_EXERCISE INSTRUCTIONS_:
Only the lines from the first line of the material below to the line containing "Spring Dresses for", inclusive, should be copied, each exactly as written.

START RECORDS SUPPLIED

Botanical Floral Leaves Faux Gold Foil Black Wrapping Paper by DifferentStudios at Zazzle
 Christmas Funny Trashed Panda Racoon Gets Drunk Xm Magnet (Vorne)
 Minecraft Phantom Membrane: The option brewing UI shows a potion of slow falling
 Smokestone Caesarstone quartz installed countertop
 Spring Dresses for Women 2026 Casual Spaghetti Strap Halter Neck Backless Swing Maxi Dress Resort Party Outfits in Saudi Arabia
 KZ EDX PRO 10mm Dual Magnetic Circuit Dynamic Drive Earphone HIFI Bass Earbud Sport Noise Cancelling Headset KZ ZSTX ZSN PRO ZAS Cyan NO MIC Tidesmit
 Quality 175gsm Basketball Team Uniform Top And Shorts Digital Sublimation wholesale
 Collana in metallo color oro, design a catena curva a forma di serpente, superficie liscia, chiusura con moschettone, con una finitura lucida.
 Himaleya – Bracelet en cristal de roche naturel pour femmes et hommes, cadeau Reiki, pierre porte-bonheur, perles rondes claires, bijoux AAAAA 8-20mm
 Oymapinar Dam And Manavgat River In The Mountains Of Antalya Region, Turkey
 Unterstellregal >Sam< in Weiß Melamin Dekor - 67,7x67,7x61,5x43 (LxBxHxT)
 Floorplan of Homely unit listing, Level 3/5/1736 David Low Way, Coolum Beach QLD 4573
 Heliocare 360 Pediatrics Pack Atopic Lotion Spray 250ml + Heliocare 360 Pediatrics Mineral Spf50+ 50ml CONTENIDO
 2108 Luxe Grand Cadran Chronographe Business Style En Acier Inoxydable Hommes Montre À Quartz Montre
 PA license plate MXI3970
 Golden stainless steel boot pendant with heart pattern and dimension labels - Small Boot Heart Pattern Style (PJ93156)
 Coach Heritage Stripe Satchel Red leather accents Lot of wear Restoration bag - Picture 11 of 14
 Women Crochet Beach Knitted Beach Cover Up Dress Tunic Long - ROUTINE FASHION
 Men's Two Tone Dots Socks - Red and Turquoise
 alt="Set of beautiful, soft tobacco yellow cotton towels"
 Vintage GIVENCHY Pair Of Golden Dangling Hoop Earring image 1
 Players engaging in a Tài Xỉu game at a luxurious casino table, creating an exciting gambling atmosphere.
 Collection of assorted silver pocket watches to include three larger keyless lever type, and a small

END RECORDS SUPPLIED

_ANSWER TO THIS PROBLEM_:
Botanical Floral Leaves Faux Gold Foil Black Wrapping Paper by DifferentStudios at Zazzle
 Christmas Funny Trashed Panda Racoon Gets Drunk Xm Magnet (Vorne)
 Minecraft Phantom Membrane: The option brewing UI shows a potion of slow falling
 Smokestone Caesarstone quartz installed countertop
 Spring Dresses for Women 2026 Casual Spaghetti Strap Halter Neck Backless Swing Maxi Dress Resort Party Outfits in Saudi Arabia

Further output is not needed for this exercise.